Figure 3C shows the performance of different machine learning models in predicting extubation using the area under the curve.

Figure 4 shows the importance of each major clinical area for critical care.

Figure 5 uses SHAP values to illustrate the correlation of key features in the extubation prediction model.

Figure 6A is a partial dependency diagram of the effect of GCS on the prediction of extubation probability by XGBoost.

Figure 6B is a partial dependency diagram of the impact of RASS on XGBoost prediction of extubation probability.

Figure 6C is a partial dependency diagram showing the effect of urine volume on the probability of extubation predicted by XGBoost.

Figure 6D is a partial dependency diagram showing the effect of injection volume on the extubation probability predicted by XGBoost.

Figure 6E is a partial dependency diagram of the effect of PIP on the prediction of extubation probability by XGBoost.

Figure 6F is a partial dependency graph showing the impact of MAP on XGBoost prediction of extubation probability.

Figure 7A shows the results of Case 1, which shows the overall impact of key features on the extubation prediction of two different individuals through the LIME and SHAP force values of key features.

Figure 7B shows the results of Case 2, which shows the overall impact of key features on the extubation prediction of two different individuals through the LIME and SHAP force values of key features.

The present invention discloses a system and method for establishing extubation prediction using a machine learning model, which can obtain an extubation prediction model and the key features used by the model through training and/or verification of a machine learning model, and can obtain the possibility of extubation of the patient and related explanations through real-time analysis of the key feature data of a patient by the extubation prediction model.

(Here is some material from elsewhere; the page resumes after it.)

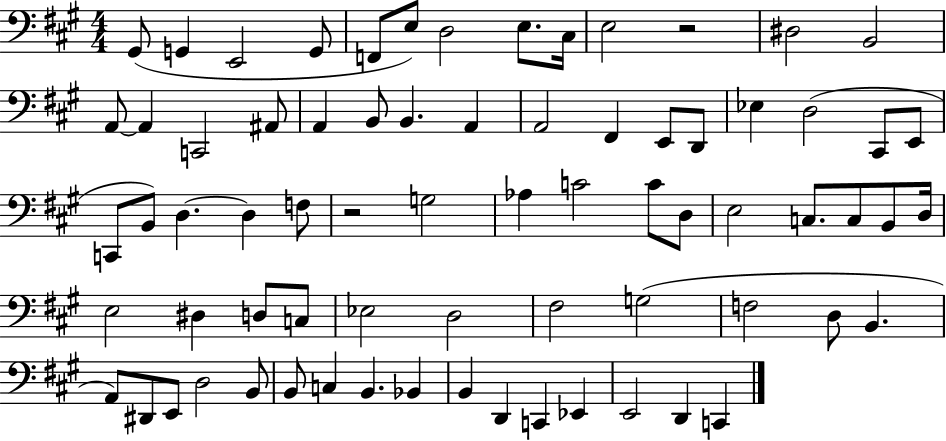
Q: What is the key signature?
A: A major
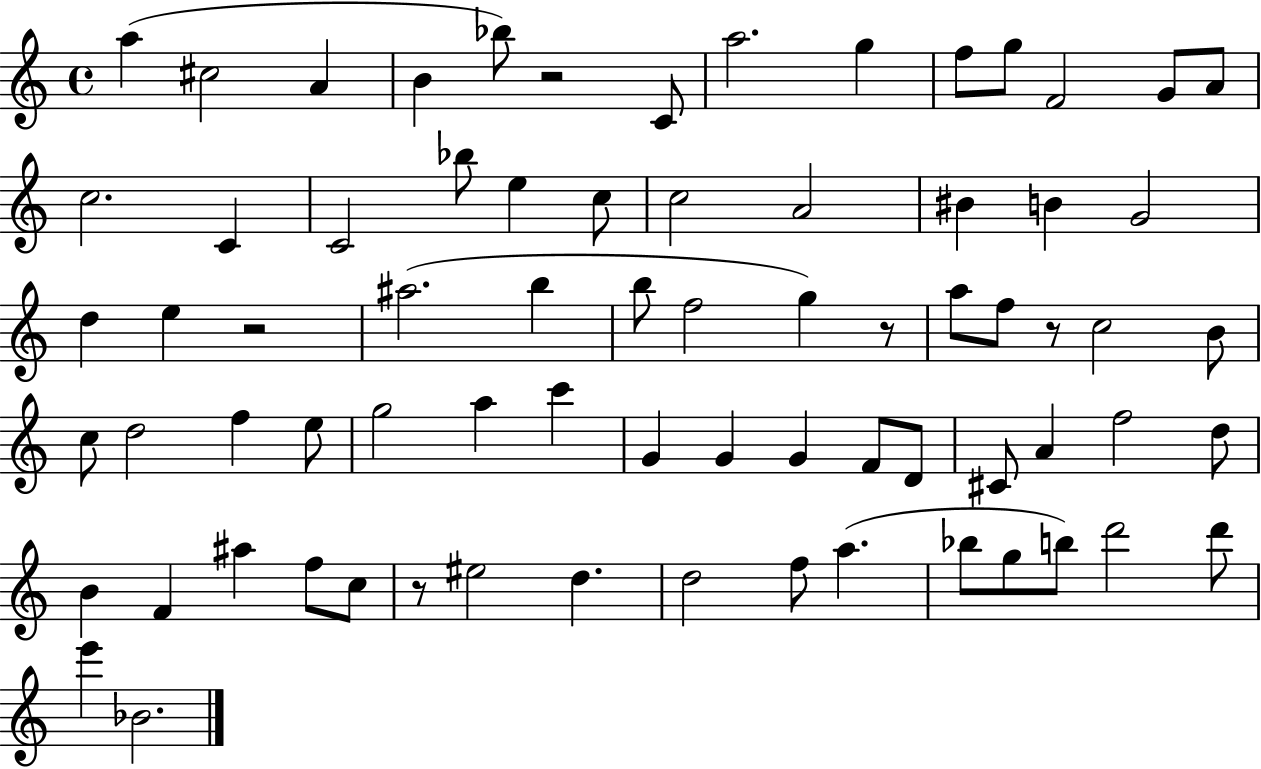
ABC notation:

Accordingly, the system and method for establishing extubation prediction using a machine learning model disclosed in the present invention are used as a tool for clinical caregivers to evaluate extubation, so as to reduce the possibility of being unable to breathe autonomously or requiring reintubation after extubation.

It must be emphasized that the system and method for establishing extubation prediction using a machine learning model disclosed in the present invention incorporates patient consciousness data and input/output fluid data to achieve the extubation prediction results obtained to be closer to the results of the doctor's clinical judgment, which means that the system and method for establishing extubation prediction using a machine learning model disclosed in the present invention can achieve a more accurate extubation prediction rate.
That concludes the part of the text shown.